Van Gundy is part philosopher, part comedian, part politician.And one heck of an analyst.
3. I came across an interesting piece on the CBS Sports website that ranked the Big Ten football coaches.
See if a few of these raises an eyebrow. The rankings are CBS, the snarky comments are mine:
- 14. Scott Frost, Nebraska: Wow. How the mighty have fallen.
- 13. Mike Locksley, Maryland: Granted, his resume prior to Maryland was lackluster at best, but CBS is obviously not grading on the curve.
- 12. Tom Allen, Indiana: Well, there ARE some great coaches in this conference and Allen still hasn’t secured that signature victory.
- 11. Bret Bielema, Illinois: Apparently, the Wisconsin years did not figure into the rankings.
- 10. Greg Schiano, Rutgers: I think Schiano will eventually turn Rutgers around, but this high this soon in the rankiongs? Nah. He probably belongs right above Locksley.
- 9. Jeff Brohm, Purdue: He has created interest in Purdue football, which I didn’t think was possible.
- 8. Mel Tucker, Michigan State: He hasn’t been on hand that long, but I think he should be around No. 6.
- 7. P.J. Fleck, Minnesota: This is about right for the gung-ho Fleck, who is on the way up. He would be a great choice to be Harbaugh’s replacement at Michigan when he eventually departs.
- 6. Pat Fitzgerald, Northwestern: If you can make Northwestern a respected program you are a great coach.

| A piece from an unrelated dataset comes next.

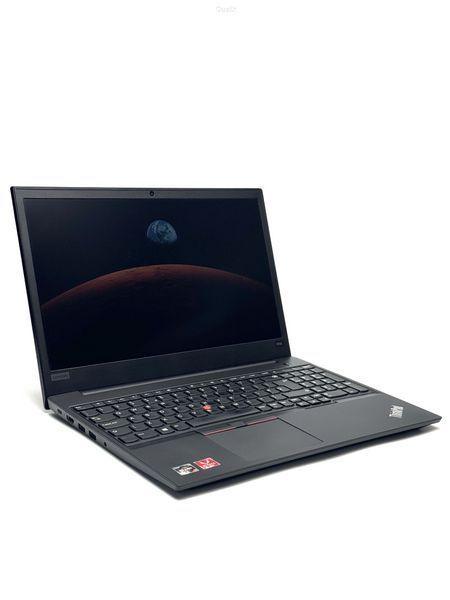 Ноутбук Lenovo ThinkPad E595 IPS AMD Ryzen 7 (Ryzen 7 3700U) 16 Гб 512 Гб SSD Клас B (NTB0426442) Б/В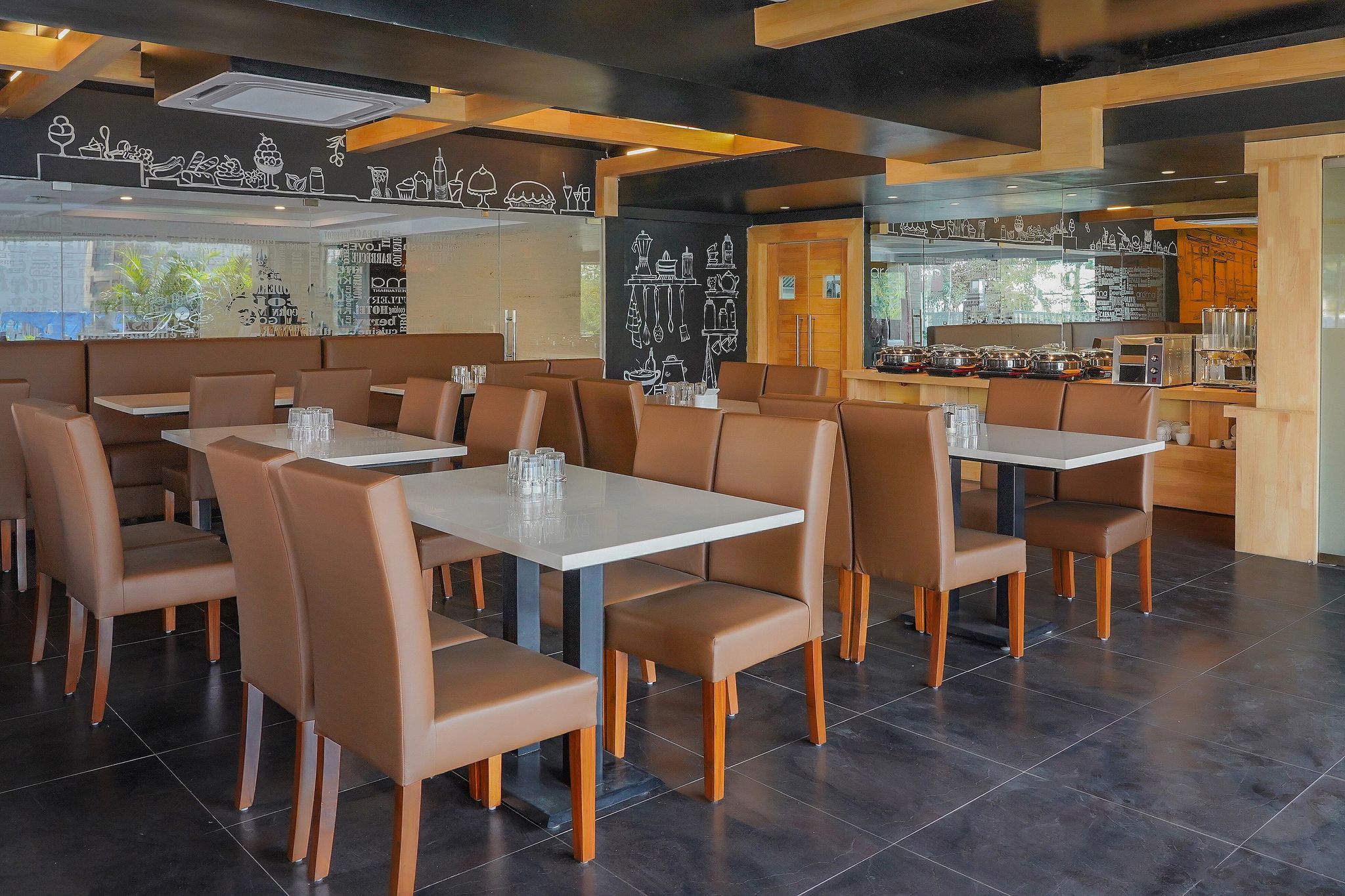 undefined Treebo Acsys, Gachibowli 4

He has and he is.
- 5. James Franklin, Penn State: He can never seem to win the big game, or at least enough of them. Does that make him overrated?

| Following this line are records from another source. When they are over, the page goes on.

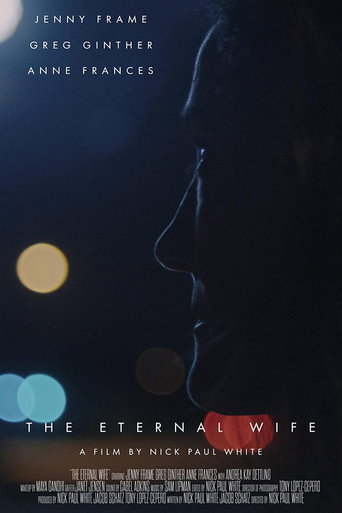 The Eternal Wife movie poster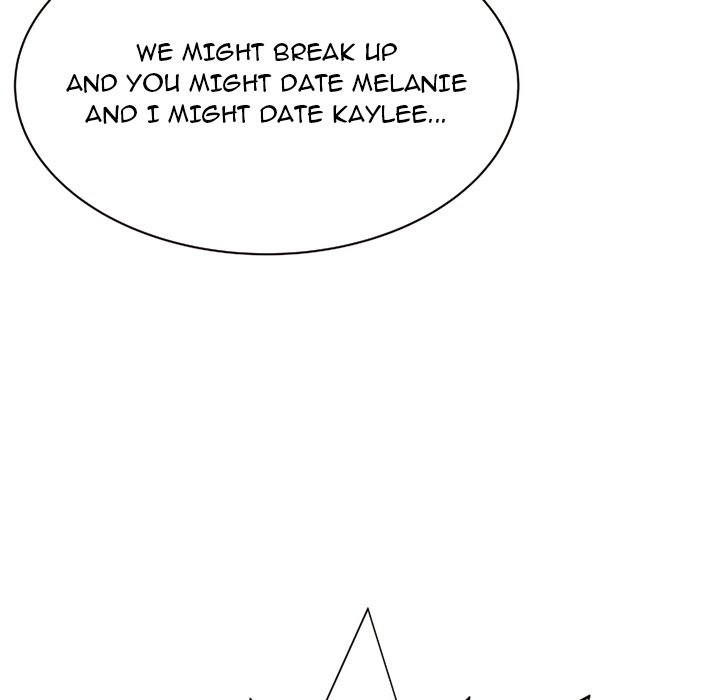 Can't Get to You Chapter 9 Page 19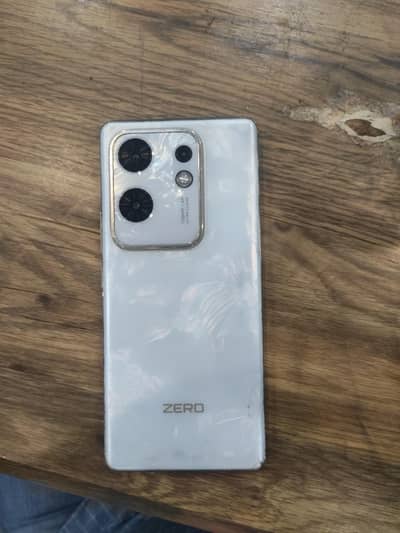 Infinix Zero 30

- 4. Paul Chryst, Wisconsin: He’s the perfect old-school coach at this old school. The Badgers will never be a legitimate year-in, year-out national title threat, but they will always be above average.

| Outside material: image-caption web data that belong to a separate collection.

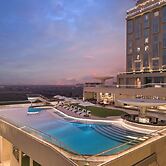 Swosti Premium Beach Resorts Puri
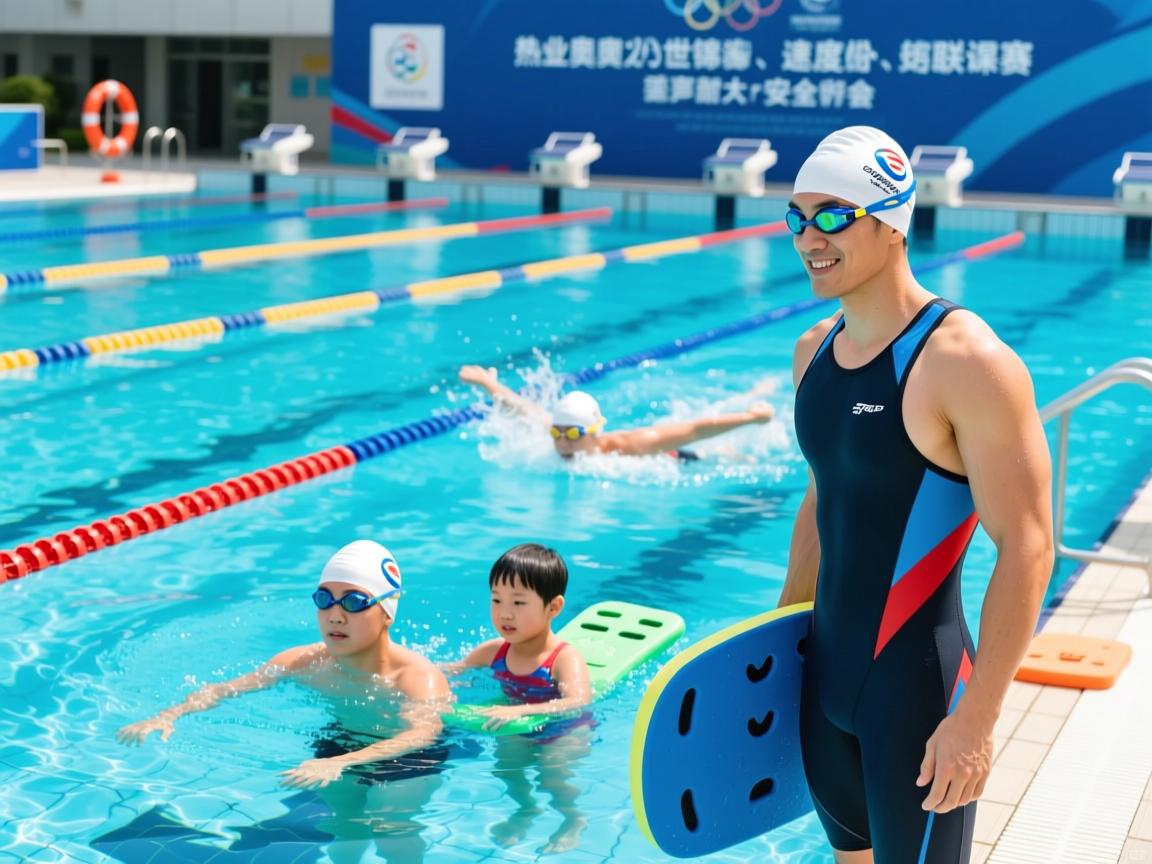 澳客网址-田径赛场速度与耐力挑战极限，田径速度耐力训练方法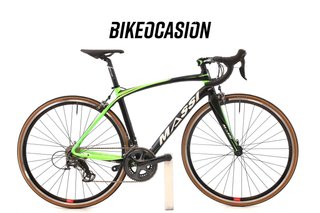 Bicicleta Massi Pro Team t.54 Reacondicionada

- 3. Kirk Ferentz, Iowa: None of the big-name coaches does more with less than Ferentz. I’d honestly like to see what he would do with, say, Ohio State’s talent. A great coach, should be No. 2.
- 2. Jim Harbaugh, Michigan: The Wolverines had their moment in the sun last year when they finally beat Ohio State, which I guess earned Harbaugh this way-too-lofty ranking. realistically, he should be around the middle of the pack. Some of today’s college game has passed him by.
- 1. Ryan Day, Ohio State: The only complaint against Day had been on the defensive side of the ball, but his offseason hires are expected to erase those problems. His recruiting and offensive schemes are not only unmatched in the Big Ten, but the rest of the nation, too. (OK, OK, equal to Alabama and Georgia.)
Steve Thought O’ The Day — Full disclosure. Steve admits to having a seven-year crush on Kathryn Morris.
Steve Eighinger writes daily for Muddy River News. He seems to have lots of crushes.